Today, there are several successful peach growers in Delaware, including Bennett orchards, Fifer Orchards and T.S. Smith & Sons, all of whom offer soft, fuzzy-skinned fruits in shades of gold and yellow with hints of red. Peaches come in two varieties, clingstone and freestone, their names an indicator of whether or not the flesh adheres to the pit. Clingstone varieties are available earlier than the freestones, which will begin arriving at the market next month.

There are countless ways to add peaches to the menu and not all of them are destined for the dessert course. The next time you make pork chops in a skillet, quarter and pit a couple of peaches and toss them into the skillet along with a splash of brandy during the final minutes of cooking. Or, simmer diced peaches into a bright chutney to serve with grilled chicken breasts.

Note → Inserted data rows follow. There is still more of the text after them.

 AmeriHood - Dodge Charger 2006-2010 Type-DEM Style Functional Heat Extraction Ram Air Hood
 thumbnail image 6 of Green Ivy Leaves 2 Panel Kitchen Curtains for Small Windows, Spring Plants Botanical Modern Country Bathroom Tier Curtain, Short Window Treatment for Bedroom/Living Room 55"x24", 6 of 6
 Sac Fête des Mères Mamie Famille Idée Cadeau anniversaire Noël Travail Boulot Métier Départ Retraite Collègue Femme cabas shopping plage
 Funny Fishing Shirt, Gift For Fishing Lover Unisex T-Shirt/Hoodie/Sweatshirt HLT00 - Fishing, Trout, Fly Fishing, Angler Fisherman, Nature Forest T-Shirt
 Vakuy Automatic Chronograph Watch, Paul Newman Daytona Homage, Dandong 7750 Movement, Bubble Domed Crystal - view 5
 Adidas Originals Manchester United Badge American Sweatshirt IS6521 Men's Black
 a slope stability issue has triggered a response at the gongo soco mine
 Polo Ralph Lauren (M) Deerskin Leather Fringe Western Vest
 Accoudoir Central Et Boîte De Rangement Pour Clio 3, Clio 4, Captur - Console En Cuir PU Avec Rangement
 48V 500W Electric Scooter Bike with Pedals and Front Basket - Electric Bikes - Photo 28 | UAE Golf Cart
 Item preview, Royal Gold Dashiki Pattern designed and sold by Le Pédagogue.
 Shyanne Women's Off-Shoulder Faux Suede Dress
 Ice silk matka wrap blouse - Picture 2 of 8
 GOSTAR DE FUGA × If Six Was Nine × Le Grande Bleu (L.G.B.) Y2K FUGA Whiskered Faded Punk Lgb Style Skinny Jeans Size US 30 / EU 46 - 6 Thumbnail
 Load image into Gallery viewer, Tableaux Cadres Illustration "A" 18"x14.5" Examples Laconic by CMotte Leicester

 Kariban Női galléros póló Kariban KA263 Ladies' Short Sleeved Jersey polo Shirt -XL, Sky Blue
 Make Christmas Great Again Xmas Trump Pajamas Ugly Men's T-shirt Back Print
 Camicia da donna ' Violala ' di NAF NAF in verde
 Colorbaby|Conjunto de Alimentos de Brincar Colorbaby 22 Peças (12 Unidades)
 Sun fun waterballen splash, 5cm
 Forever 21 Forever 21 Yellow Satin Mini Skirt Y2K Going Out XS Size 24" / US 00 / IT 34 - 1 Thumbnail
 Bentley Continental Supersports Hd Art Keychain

When grilling peaches (to serve with slices of pound cake) you’ll want to leave the skins on, to keep the flesh intact as it cooks. For other uses, such as pies, crumbles, cakes and muffins, you’ll want to remove the velvety skin. Since ripe peaches are so tender, this is not easy to do with a paring knife, unless you don’t mind losing some of the juicy flesh. I’ve included a quick way to peel peaches below.

The recipe for the peach ice cream in the photo (seen alongside the last of the local blueberries of the season) instructs puréeing the peaches and adding them after the cream mixture has already started freezing in the ice cream maker. This technique first appeared in print in Joy of Cooking, although many online recipe authors fail to cite this source.

I like to keep peeled, chopped peaches in a zip top bag in the freezer, ready for  recipes that feature fresh peaches. It’s also an easy way to have what you need for a simple batch of peach frozen yogurt. Hooray, it’s peach season!

How to Peel Peaches

Bring a medium pot of water to a boil. Cut a small X through the skin at the bottom of each peach. Drop peaches into the water and blanch for 30 seconds. Using a slotted spoon, transfer peaches to a bowl of ice water. When peaches are cool enough to handle, peel off the skin from the cut at the bottom. Remove the pit and chop or slice, as needed for your recipe.

Peach Frozen Yogurt

4 C frozen peaches

2 T honey

1 C vanilla yogurt

1 T lemon juice

Combine all the ingredients in the bowl of a food processor or blender. Purée until creamy. Serve immediately or store in the refrigerator for up to 3 weeks. Yield: 4 servings.

Peach Ice Cream*

2 C chopped peaches

1 t lemon juice

1/2 t vanilla

1/2 C sugar

pinch salt

1 1/2 C heavy cream

1/2 C whole milk

1/4 C sugar

Place the peaches in the bowl of a food processor or blender. Purée until smooth. Use a slotted spoon to check for any remaining chunks; purée again, as needed. Pour peaches into a bowl and stir in lemon juice, vanilla, sugar and salt. Refrigerate, stirring occasionally to ensure sugar is dissolved completely. In a mixing bowl, whisk together remaining ingredients, stirring until sugar is dissolved. Pour into the the bowl of an ice cream maker and begin to process. When cream is almost frozen, add peach mixture and continue processing until ice cream is firm. Serve immediately or store in the freezer in a covered container. *Adapted from Joy of Cooking.

Peach Chutney

1/2 C apple cider vinegar

1/3 C brown sugar

3/4 diced red onion

1 T minced garlic clove

1 T minced ginger

1/2 t salt

4 peaches

Combine the vinegar and sugar in a saucepan and bring to a boil over medium; stir to dissolve sugar. Reduce heat to low and add onion, garlic, ginger and salt; simmer for about 10 minutes, stirring occasionally. While the mixture cooks, peel, pit and dice the peaches. Add peaches to saucepan and cook until softened, about 10 to 12 minutes. Remove from heat and allow to rest for about 15 minutes before serving. Store in the refrigerator for up to a week. Yield: 2 cups.